§ **Directions for this task**
Below is some material. Set down exactly the line where "like to peek?🥵💦" appears and all lines after it, and stop at the last line.

.....

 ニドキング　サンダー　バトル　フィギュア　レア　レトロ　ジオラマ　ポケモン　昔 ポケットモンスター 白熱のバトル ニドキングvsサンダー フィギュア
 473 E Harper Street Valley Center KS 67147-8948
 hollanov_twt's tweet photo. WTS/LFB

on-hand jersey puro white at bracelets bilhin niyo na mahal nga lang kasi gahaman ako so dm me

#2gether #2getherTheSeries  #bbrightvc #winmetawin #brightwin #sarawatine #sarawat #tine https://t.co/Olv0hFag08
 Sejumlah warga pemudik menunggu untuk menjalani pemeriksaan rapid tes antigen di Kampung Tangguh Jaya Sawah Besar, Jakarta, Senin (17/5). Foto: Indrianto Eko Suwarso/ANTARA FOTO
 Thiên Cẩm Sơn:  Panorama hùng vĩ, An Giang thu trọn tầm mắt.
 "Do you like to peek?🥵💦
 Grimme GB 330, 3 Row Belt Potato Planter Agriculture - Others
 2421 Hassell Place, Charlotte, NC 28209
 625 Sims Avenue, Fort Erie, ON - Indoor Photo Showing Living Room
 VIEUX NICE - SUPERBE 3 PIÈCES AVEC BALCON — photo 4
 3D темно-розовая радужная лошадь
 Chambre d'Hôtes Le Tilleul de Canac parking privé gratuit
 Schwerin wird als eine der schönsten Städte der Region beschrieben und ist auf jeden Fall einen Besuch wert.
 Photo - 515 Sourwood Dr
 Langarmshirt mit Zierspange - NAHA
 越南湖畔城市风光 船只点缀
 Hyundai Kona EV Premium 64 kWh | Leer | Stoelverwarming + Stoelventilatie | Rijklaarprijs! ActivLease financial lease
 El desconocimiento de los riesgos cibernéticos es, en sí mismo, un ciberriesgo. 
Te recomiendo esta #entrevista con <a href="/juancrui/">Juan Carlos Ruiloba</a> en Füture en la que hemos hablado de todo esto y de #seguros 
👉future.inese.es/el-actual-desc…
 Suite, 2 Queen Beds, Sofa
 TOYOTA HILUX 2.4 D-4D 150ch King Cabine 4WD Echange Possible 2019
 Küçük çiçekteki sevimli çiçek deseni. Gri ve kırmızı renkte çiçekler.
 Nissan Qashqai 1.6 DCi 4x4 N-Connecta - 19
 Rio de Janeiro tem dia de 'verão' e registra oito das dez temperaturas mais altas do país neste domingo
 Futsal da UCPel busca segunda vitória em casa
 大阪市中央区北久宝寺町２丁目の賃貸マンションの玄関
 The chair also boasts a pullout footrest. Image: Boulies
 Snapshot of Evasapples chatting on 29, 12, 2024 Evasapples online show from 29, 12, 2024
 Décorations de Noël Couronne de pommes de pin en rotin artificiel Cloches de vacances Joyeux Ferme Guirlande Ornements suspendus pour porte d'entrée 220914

.....

§ **Written reply**
 "Do you like to peek?🥵💦
 Grimme GB 330, 3 Row Belt Potato Planter Agriculture - Others
 2421 Hassell Place, Charlotte, NC 28209
 625 Sims Avenue, Fort Erie, ON - Indoor Photo Showing Living Room
 VIEUX NICE - SUPERBE 3 PIÈCES AVEC BALCON — photo 4
 3D темно-розовая радужная лошадь
 Chambre d'Hôtes Le Tilleul de Canac parking privé gratuit
 Schwerin wird als eine der schönsten Städte der Region beschrieben und ist auf jeden Fall einen Besuch wert.
 Photo - 515 Sourwood Dr
 Langarmshirt mit Zierspange - NAHA
 越南湖畔城市风光 船只点缀
 Hyundai Kona EV Premium 64 kWh | Leer | Stoelverwarming + Stoelventilatie | Rijklaarprijs! ActivLease financial lease
 El desconocimiento de los riesgos cibernéticos es, en sí mismo, un ciberriesgo. 
Te recomiendo esta #entrevista con <a href="/juancrui/">Juan Carlos Ruiloba</a> en Füture en la que hemos hablado de todo esto y de #seguros 
👉future.inese.es/el-actual-desc…
 Suite, 2 Queen Beds, Sofa
 TOYOTA HILUX 2.4 D-4D 150ch King Cabine 4WD Echange Possible 2019
 Küçük çiçekteki sevimli çiçek deseni. Gri ve kırmızı renkte çiçekler.
 Nissan Qashqai 1.6 DCi 4x4 N-Connecta - 19
 Rio de Janeiro tem dia de 'verão' e registra oito das dez temperaturas mais altas do país neste domingo
 Futsal da UCPel busca segunda vitória em casa
 大阪市中央区北久宝寺町２丁目の賃貸マンションの玄関
 The chair also boasts a pullout footrest. Image: Boulies
 Snapshot of Evasapples chatting on 29, 12, 2024 Evasapples online show from 29, 12, 2024
 Décorations de Noël Couronne de pommes de pin en rotin artificiel Cloches de vacances Joyeux Ferme Guirlande Ornements suspendus pour porte d'entrée 220914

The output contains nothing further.